The facts and relevant legislation were (for convenience largely copied from Blog 24) –
- The plaintiff and Bloomingdale Holdings Pty Ltd (Bloomingdale) were equal unitholders in two trusts. The sole shareholder and director of Bloomingdale was Antonio Gangemi.
- In 2001 – 2 the trustee of one trust purchased a property and the trustee of the other trust purchased another property.
- A dispute arose between the plaintiff and Gangemi concerning their business dealings and rights in respect of both properties. The defendants acted as solicitors for Bloomingdale and Gangemi.
- In 2003 the dispute was settled by an agreement whereby Gangemi’s and Bloomingdale’s interests in both properties would be transferred to the plaintiff or his entities. This transfer to the plaintiff occurred, on which he became solely entitled to the beneficial interest in both properties, and caveats lodged on behalf of Bloomingdale over both properties were withdrawn.
- However, on 29 March 2005, the defendants as “Alderuccio Solicitors” lodged caveats over both properties on behalf of Bloomingdale as caveator, claiming an equitable estate in fee simple pursuant to a deed of trust dated 25 February 2002 between Bloomingdale and both trustees.
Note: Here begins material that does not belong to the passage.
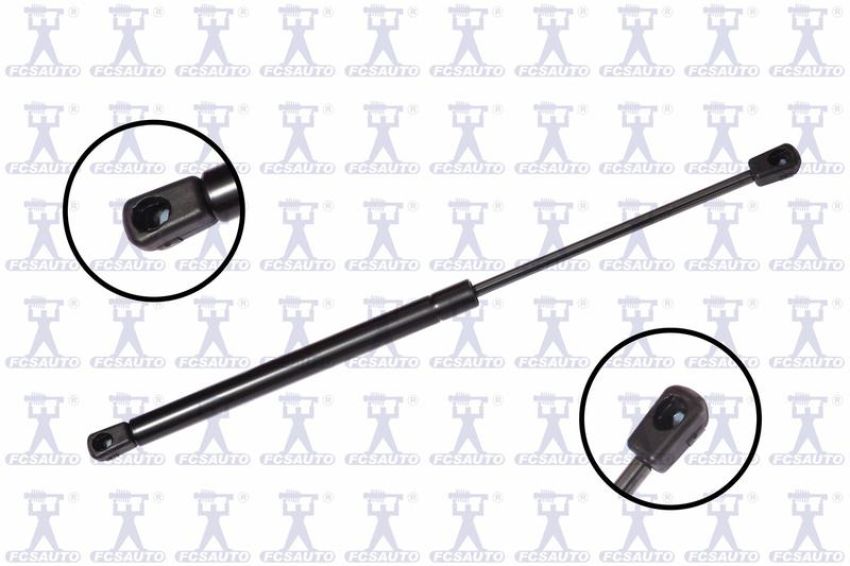 FCS Struts 84652 Liftgate Lift Support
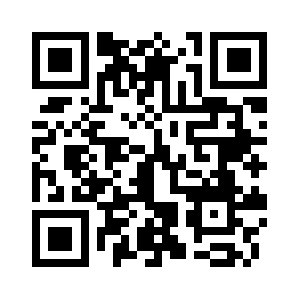 Goldenbreedshepherds.net QR code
The caveats identified “Alderuccio Solicitors” as the address for service of notice and were signed by an “agent being a Current Practitioner under the Legal Practice Act 1996”.
- The plaintiff alleged that these 2005 caveats caused it loss and damage.
- Section 118 provided that –
“Any person lodging with the Registrar without reasonable cause any caveat under this Act shall be liable to make to any person who sustains damage thereby such compensation as the Court deems just and orders”.
- The plaintiff sued the defendants alleging that when the 2005 caveats were lodged they knew or ought to have known that Bloomingdale did not have a caveatable interest and could not reasonably have held an honest belief based on reasonable grounds that it had a caveatable interest.
- Moore J held that the solicitors were not “a person” lodging a caveat for the purposes of s. 118. The plaintiff applied for leave to appeal.
The Court of Appeal (Tate, Hargrave and Emerton JJA) refused leave to appeal holding –
- The reasoning of Moore J was correct. 
- Insofar as a caveat is lodged by an agent of a person claiming an interest in land, the agent stood in the shoes of that person. The act of lodging the caveat was the act of the principal. The acts of the respondents in lodging the caveats were the acts of Bloomingdale. 
- Section 118 was to be read in tandem with s. 89(1). The person “who lodged the caveat” was (s 89(1)) “Any person claiming any estate or interest in the land …”. 
- Authorities on “reasonable cause” under s. 118 were Edmonds v Donovan (2005) 12 VR 513,  VSCA 27; New Galaxy Investments Pty Ltd v Tomson  NSWCA 153 and (the subject of Blog 9) KB Corporate Pty Ltd v Sayfe  VSC 623  (Mukhtar AsJ). 
- The fact that ss. 89(1) and 118 used the words “any person” rather than “the caveator” was a function of the fact that both the “claiming” and the “lodging” preceded the “recording” of the caveat in s. 89(2). The opening phrase “[a]ny person lodging” in s. 118 was in the present tense because that was the point in time at which the question of “reasonable cause” was to be assessed, that is, when the person is about to lodge or is in the course of lodging the caveat and the caveat had not yet been recorded.